The letter was sent ahead of the UN’s International Joint Conference on Artificial Intelligence (IJCAI) which was set to meet yesterday, but was canceled and postponed until November, according to the international body’s Web site.
The specialists call for “morally wrong” lethal autonomous weapons systems to be added to the list of weapons banned under the UN’s convention on certain conventional weapons brought into force in 1983, which includes chemical and intentionally blinding laser weapons.
“Nearly every technology can be used for good and bad, and artificial intelligence is no different. It can help tackle many of the pressing problems facing society today: inequality and poverty, the challenges posed by climate change and the ongoing global financial crisis,” said Toby Walsh, Scientia professor of AI at the University of New South Wales in Sydney.

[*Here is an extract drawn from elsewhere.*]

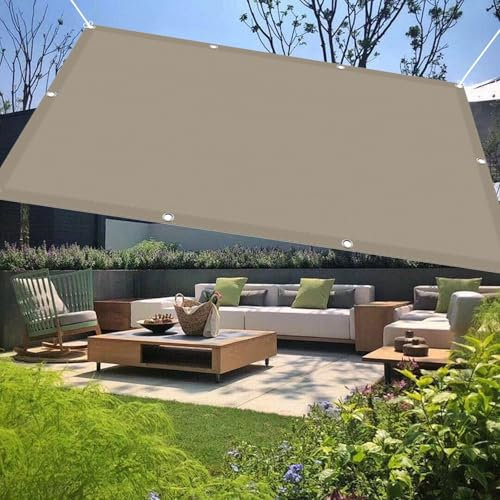 Toile Ombrage Rectangulaire 250 x 300 cm Rectangulaire Filet d'ombrage Couvert Végétal Toile Pergola, Fleurs, Patio, Lawn UV Protection 98% Résistant Aux Déchirures, Taupe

“However, the same technology can also be used in autonomous weapons to industrialize war. We need to make decisions today choosing which of these futures we want,” Walsh added.
“Unlike other potential manifestations of AI which still remain in the realm of science fiction, autonomous weapons systems are on the cusp of development right now and have a very real potential to cause significant harm to innocent people along with global instability,” Clearpath Robotics founder Ryan Gariepy said.
This is not the first time the IJCAI, one of the world’s leading AI conferences, has been used as a platform to discuss lethal autonomous weapons systems.
Two years ago, the conference was used to launch an open letter signed by thousands of AI and robotics researchers including Musk and Stephen Hawking similarly calling for a ban, which helped push the UN into formal talks on the technologies.
The UK government opposed such a ban in 2015, with the British Foreign and Commonwealth Office saying that “international humanitarian law already provides sufficient regulation for this area.”
Lethal autonomous weapons are already in use. Samsung’s SGR-A1 sentry gun, which is reportedly technically capable of firing autonomously, although it is disputed whether it is deployed as such, is in use along the South Korean border of the 2.5m-wide Korean Demilitarized Zone.
The UK’s Taranis drone, in development by BAE Systems, is intended to be capable of carrying air-to-air and air-to-ground ordnance intercontinentally and incorporating full autonomy, while Russia, the US and other nations are developing robotic tanks that can either be remote-controlled or operate autonomously.